Did you know the use of ‘pasta’ has been recorded in writings found in 1st Century AD by Horace of Rome and also 2nd Century AD in writings by Athenaeus Naucratita of Greece?
That’s 2000 years and we’re still loving pasta as much today as we did while wearing a toga.
Traditionally this homemade ravioli recipe would have been made with just Halloumi and egg. But I think they need a little extra love – and I’ve always been an advocate of sharing the love!
You might be thinking that homemade ravioli are a bit of a faff to make. They are.

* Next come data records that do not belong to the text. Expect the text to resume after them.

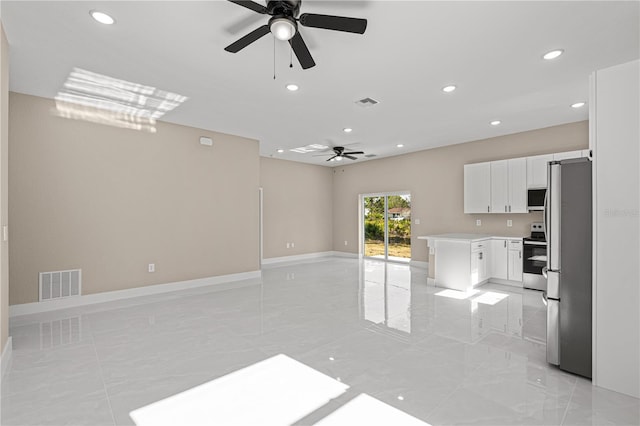 kitchen featuring appliances with stainless steel finishes, white cabinets, and ceiling fan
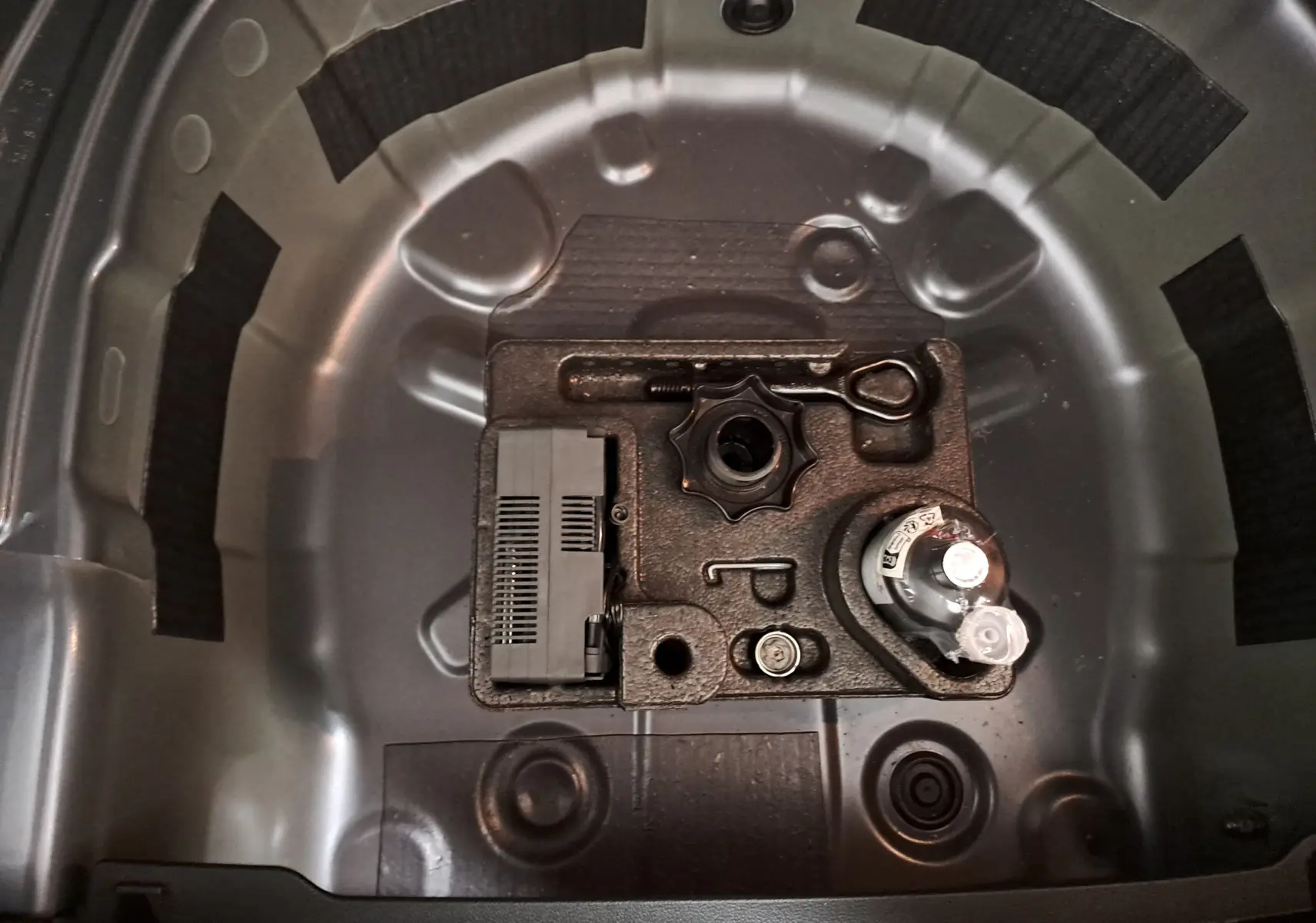 Coffre à outils de secours dans le compartiment de roue de secours d'une Volkswagen Polo gris cendre 2025.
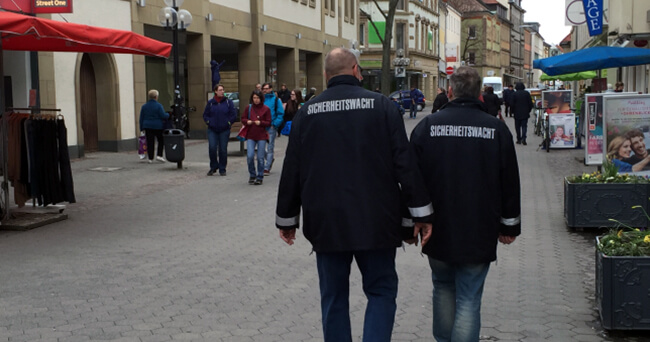 Zwei Sicherheitswacht-Mitarbeiter in Uniform gehen durch eine belebte Fußgängerzone in einer Innenstadt.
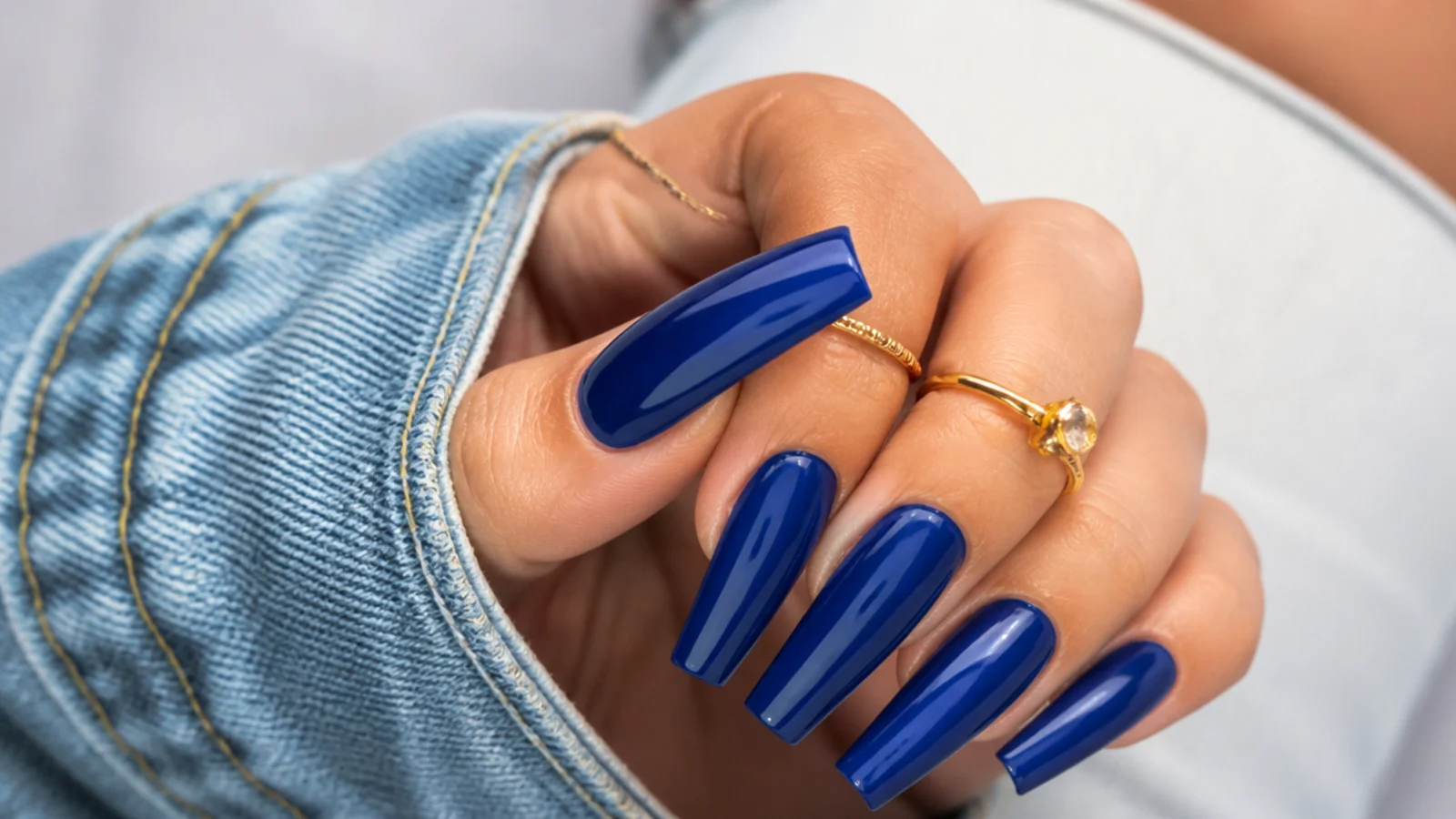 Long royal blue coffin nails with a bold glossy finish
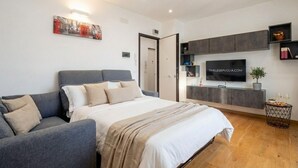 A modern bedroom with a bed, a grey sofa, a TV, and a small side table. - Sparano mood 170 - central cozy stay (Bari)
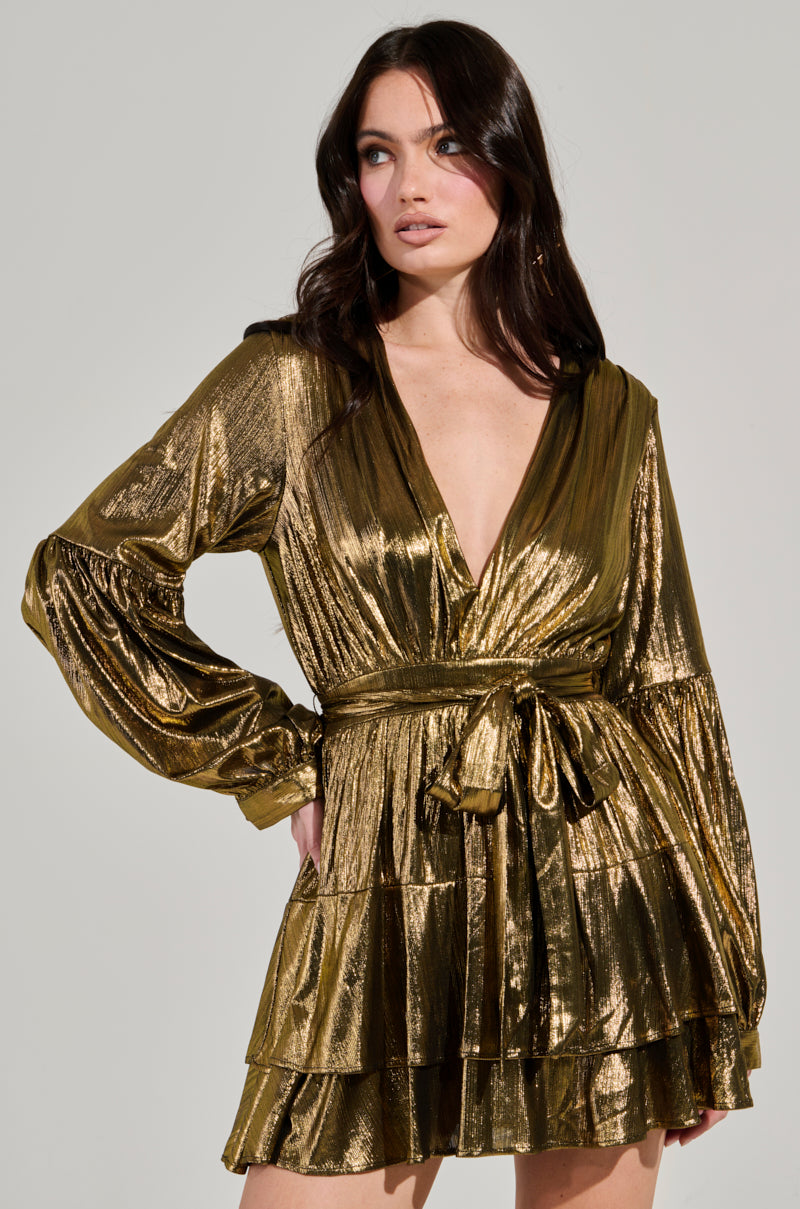 A woman stands against a plain background, wearing the GLOW BABY METALLIC MINI DRESS. The dress showcases its shiny metallic gold fabric and tiered ruffled skirt, complemented by a plunging V-neckline and a tied waist. Her long, dark hair adds to the elegance of her pose.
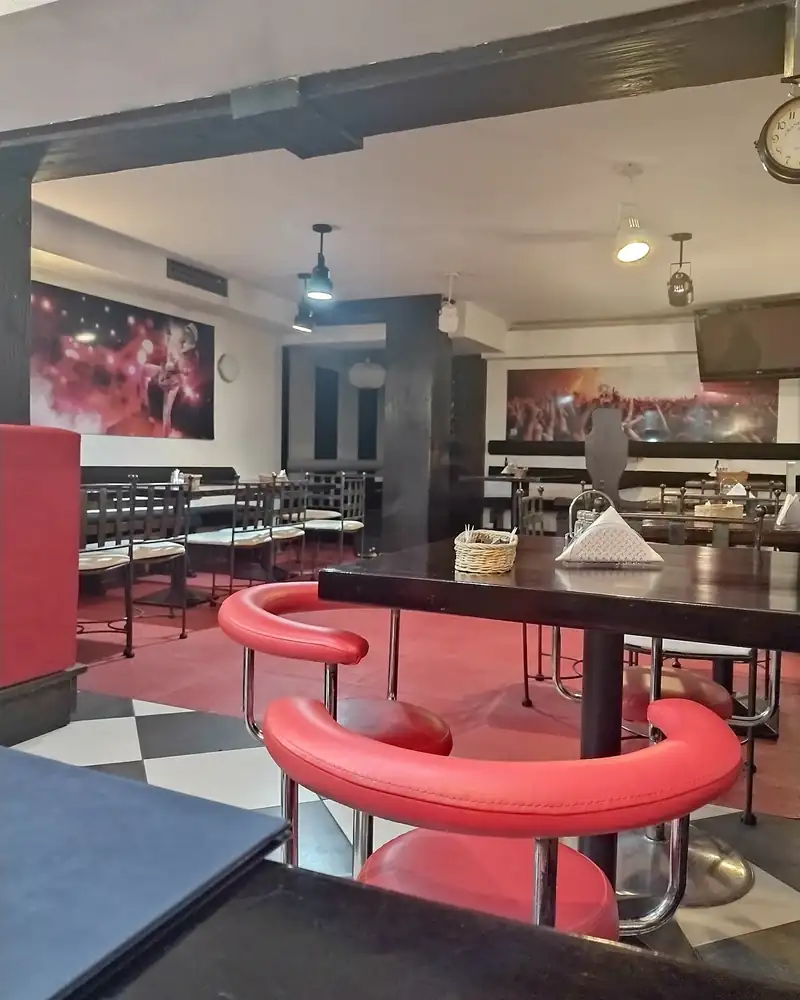 Sala z czerwonymi krzesłami, czarnymi stolikami i podłogą w szachownicę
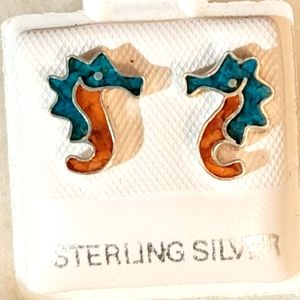 Unique sterling silver  seahorse stud earrings.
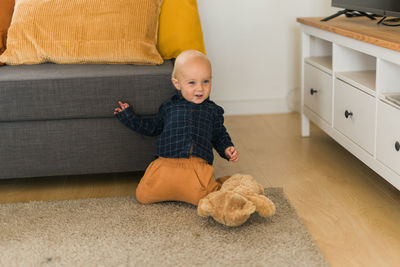 Portrait of cute baby girl sitting on sofa at home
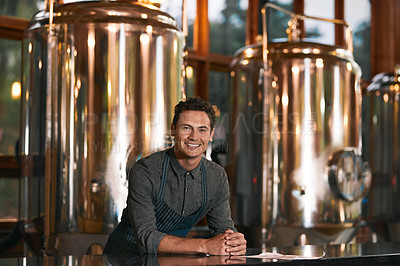 Buy stock photo Portrait of a cheerful young businessman seated at a table inside of a beer brewery  during the day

Let’s not pretend they are something that you throw together in a few minutes for a quick easy dinner. They take a little time.
Ideally you’ve made your own pasta, prepared your filling and have the time and inclination to start your pasta assembly line.
But you know what? It’s fun. Get the kids involved, make a ton of pasta, spend an afternoon doing it. Treat it as an activity opposed to a chore and all the love you invest into creating your little raviolies will be returned as you take your first bite..
But I digress, let’s start cooking…
Homemade Ravioli – Raviolies
Ingredients – serves 2:
Mix together and reserve until ready to use.
100g Halloumi Cheese – grated
20g olives – coarsely chopped
30g rocket – coarsely chopped
40g sundried tomatoes – coarsely chopped
Homemade Ravioli Pasta Dough:
First make pasta – to avoid this post reading like a Greek philosophers handbook read my post describing how to make pasta at home. A good cheat is to buy fresh lasagna sheets.
3 tbl butter
1 tbl olive oil
1 clove garlic kept whole – crushed
Pinch of chilli flakes
Squeeze of lemon
Add all the ingredients together and gently warm in a saucepan until the butter has melted and just started to brown.
Make the Ravioli:
Place one heaped tablespoon of filling per ravioli along the sheet of pasta with a gap of approx 4 inches between each piece of filling.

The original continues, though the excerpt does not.